Reminded that he had recommended in his talk that community activists should talk to strangers and not sit around and smoke dope amongst themselves, Ayers said he was only willing to talk off-camera. A representative of one of the organizing groups, Global Exchange, then tried to escort me away from where the terror couple was scheduled to sign books.
In a separate interview on tape, event organizer Kevin Danaher of Global Exchange refused to say much on the record about why Ayers and Dohrn had been invited. Off camera, he appealed for critics to exercise Christian forgiveness, only to be reminded by Trevor Loudon that the unrepentant terrorists have never asked for forgiveness and in fact have said that they didn’t do enough for the communist cause.
Grathwohl, after seeing the videos, said he was intrigued by the methods they used to avoid the questions. He commented, “Bill especially ignored the question regarding the dedication of Prairie Fire to the assassin of Robert Kennedy, Sirhan Sirhan, by turning his back to you and walking away. This is the same tactic Bill used against me at St. Mary’s college in California. He avoided me and ran out the back door.”

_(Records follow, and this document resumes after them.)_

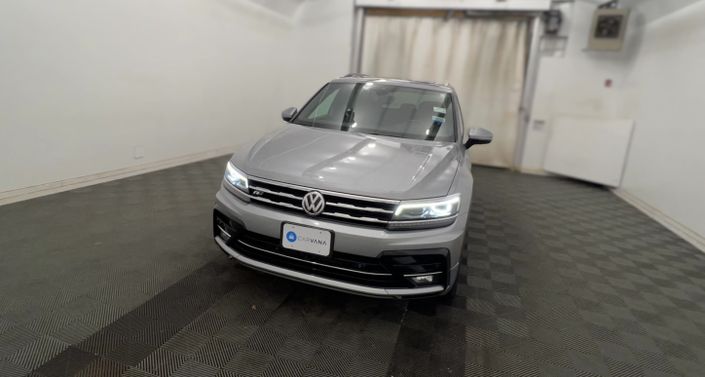 Thumbnail: 2021 Volkswagen Tiguan - 1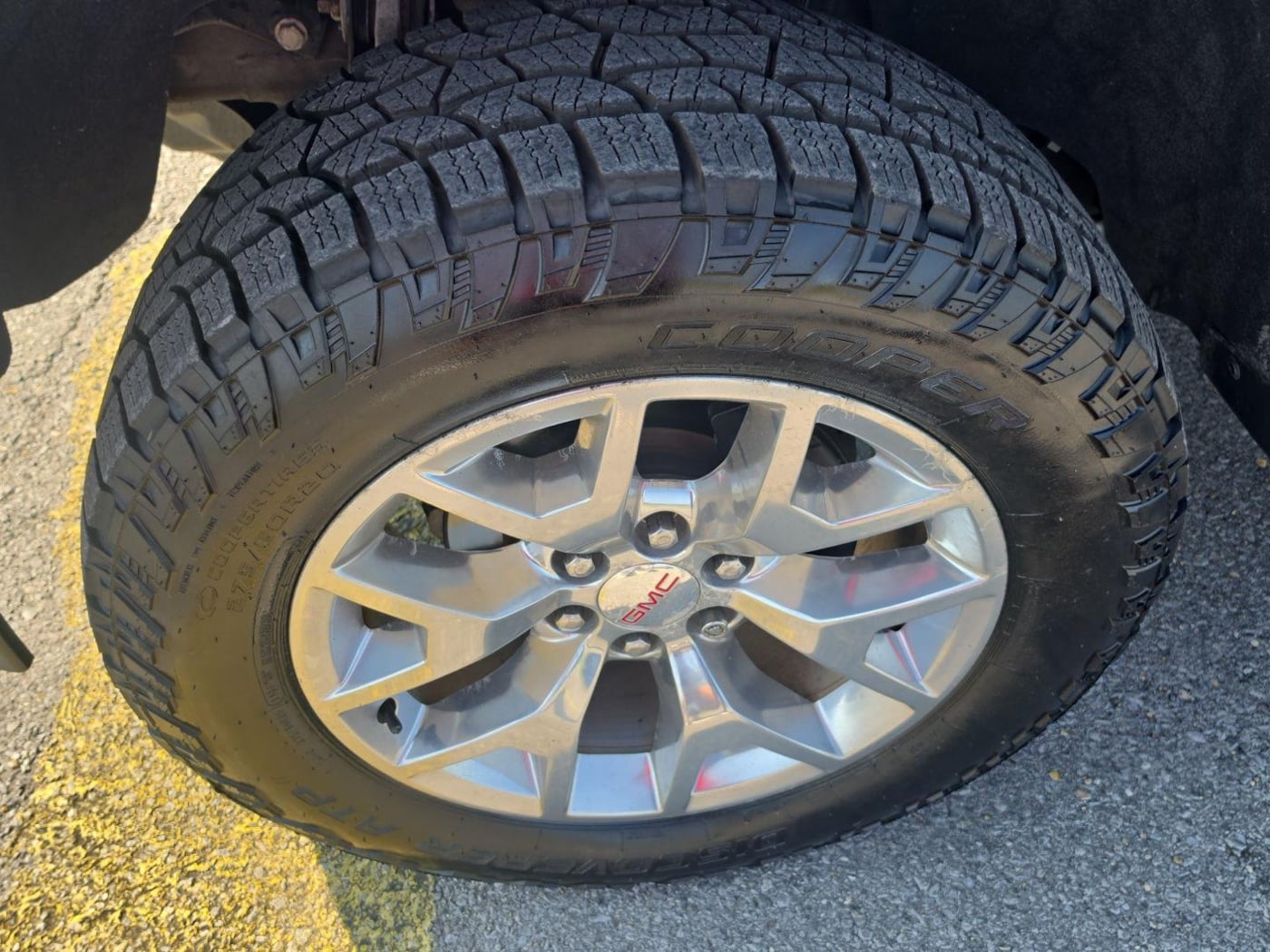 Photo 12 of this GMC Sierra 1500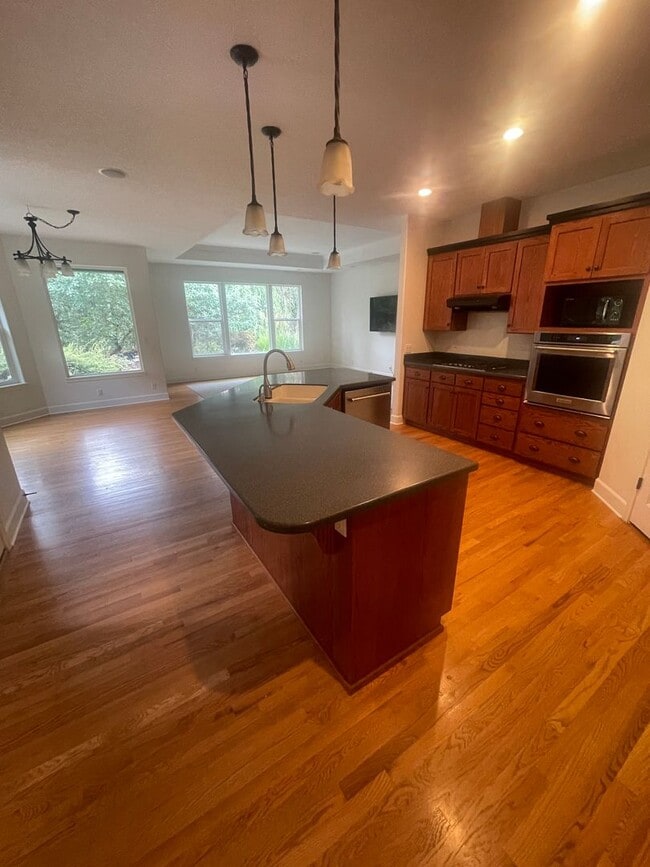 Building Photo - Beautiful 4 Bedroom on 2.5 Acres!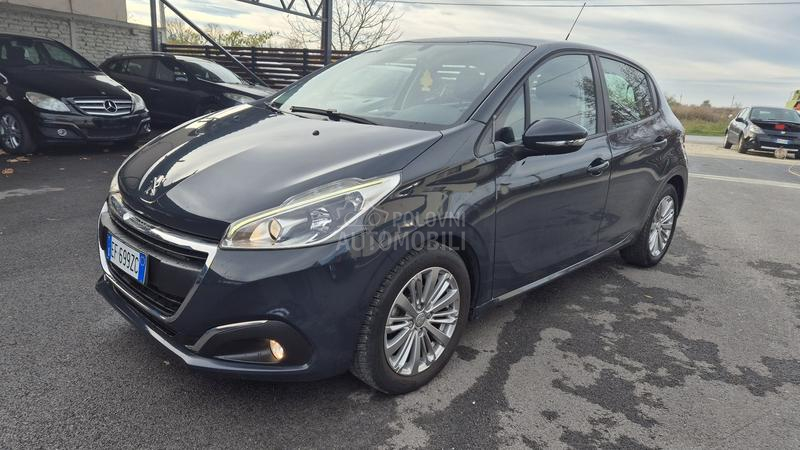 Peugeot 208 1.2B TNG RESTAY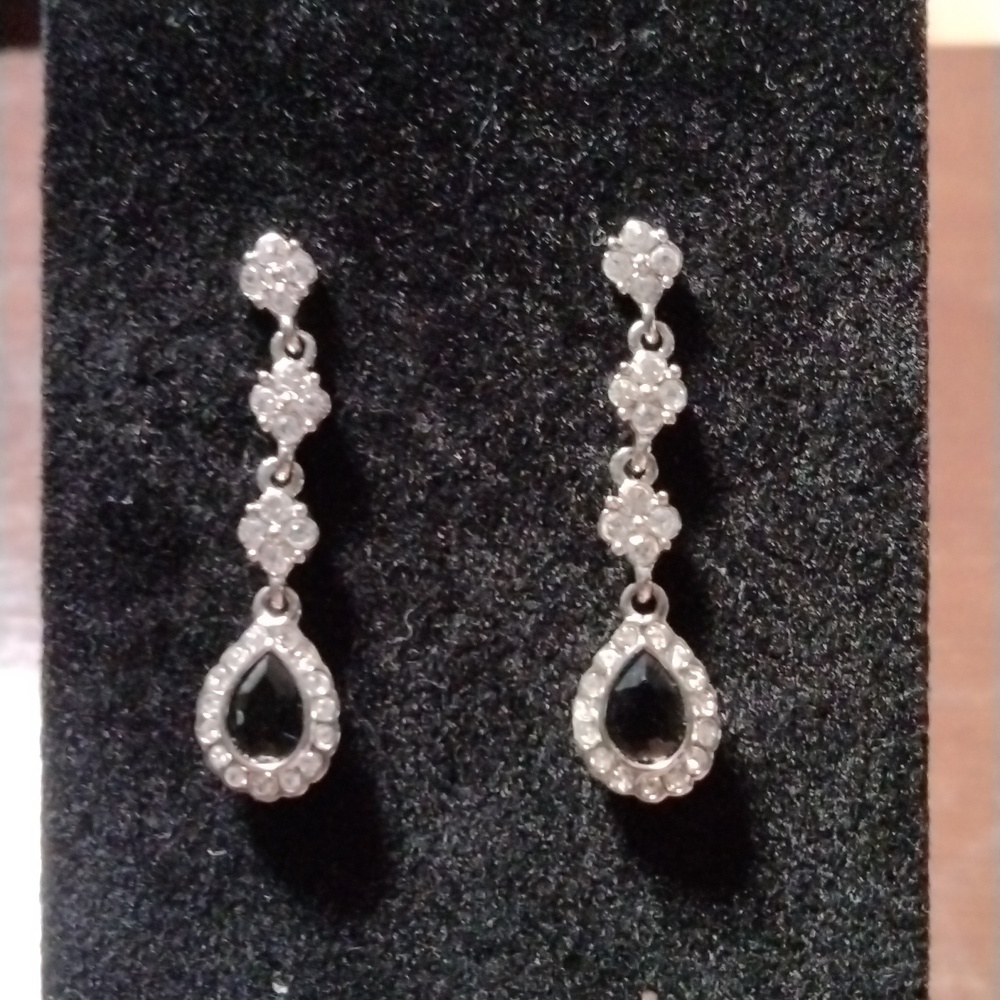 Monet Dangling Earrings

Grathwohl noted that “Bernardine appeared angry at being questioned and when she spoke on stage she denied being a terrorist—which she and Bill were—by their own admissions in the communiqués and writings they produced while underground with the Weathermen. She was much more concerned with the millions of people allegedly killed by the U.S. in Southeast Asia but said nothing about the millions killed by the communists such as Pol Pot in Cambodia after the war ended.”
Communist forces based in North Vietnam conquered South Vietnam in 1975, after the U.S. Congress forced the withdrawal of U.S. military troops, and then took control of neighboring Cambodia. The Black Book of Communism puts the number of dead at the hands of the communists in Vietnam and Cambodia at three million. Hundreds of thousands more fled South Vietnam in leaky boats and 800,000 were sent to communist “re-education” camps.
Grathwohl took issue with the claim that Ayers and Dohrn were “anti-war activists.” He said, “If this were the truth then why did Bernardine and Billy continue their terrorist activities for years after the war ended?”
Trevor Loudon commented that it was clear that Ayers and Dohrn “are as much in the grip of their socialist delusions as they were back in the 1960s. That’s what makes them dangerous. They genuinely believe in what they are doing. These are committed people, ‘true believers’ in a cause they will serve to their graves.”